Skye: In BEYOND BRAWN you mention that you lost lots of muscle while following a vegan diet. Can vegans build muscle, or should they start eating meat if they’re serious about wanting to build muscle?
Stuart: I doubt that any drug-free, genetically typical vegan can build substantial new muscle mass, and most vegans probably won’t be able to build any new muscle.
Meat eating isn’t essential, but consuming animal protein is -- and not just for people who want to build muscle. When I had my epiphany and stopped being a vegan, it was the addition of just two eggs a day to otherwise vegan fare that made a world of difference.
Its effect was like magic -- one of the most memorable experiences of my life. I subsequently added dairy products and fish, but not meat.
The “Hardgainer” Tag
Skye: The term “hardgainer” is now the recognised term for anyone who struggles to add muscle due to unfavourable genetics. It’s also misused by people who can’t gain muscle because their diets/workout plans are ineffective. Do you regret coining the term now?
Stuart: I didn’t coin the term. It was around for many years before I promoted it, but I may have given it more promotion than any other single individual.
If people misinterpret “hard gainer,” they will be handicapped. But if people interpret it like I promote it, they will be helped.
By recognising that you’re a genetically typical, drug-free bodybuilder -- a hard gainer -- you’re more likely to recognise that the training methods promoted by genetically gifted, drug-assisted bodybuilders are inappropriate to you.
Then, paradoxically, when hard gainers train properly they can make decent gains, and perhaps no longer consider themselves to be hard gainers.
Skye: You’ve written that you struggled to gain muscle in your youth during the 1970s. Was there ever any pressure for you to take steroids?

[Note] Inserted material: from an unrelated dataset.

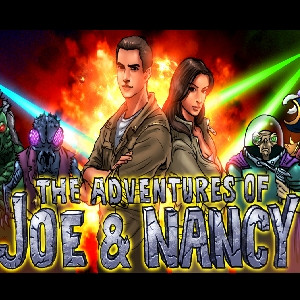 The Adventures of Joe and Nancy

Stuart: No. I was naive, and believed the articles in the magazines of those days that said that steroids didn’t really make much difference, and that anyone with dedication could still make it in bodybuilding competition.
And I believed the deceitful bodybuilding champions who said they didn’t take steroids. But eventually I understood the truth, and it was a hard pill to follow initially because I’d been so naive for many years.
I was resolute about never being prepared to take performance enhancing drugs. So I was never tempted to use them even when I knew how essential they are for competitive bodybuilders in the modern era.
Skye: Do you still follow the bodybuilding scene? If so, you’ll be aware that mass is king and the biggest guys like Kai Greene win the Olympia every year. Where do you think bodybuilding will go next?
Stuart: I follow the bodybuilding scene in a general way, but don’t pay much attention to the competitions. (When I was young I paid great attention to competitions.)
Some bodybuilders will continue to get even larger -- the guys with the most stupendous genetics for bodybuilding, the most effective drug support, and tremendous dedication to training and related factors -- and they will continue to win the biggest competitions, I would think.
Want More From Stuart?
Skye: Do you have any new projects in the pipeline?
Stuart: Yes. A new book on bodybuilding -- different format to what I’ve written already. I think most bodybuilders will love it, and will benefit greatly from applying its instruction. I’m excited by the book. I should have it done by the end of this year.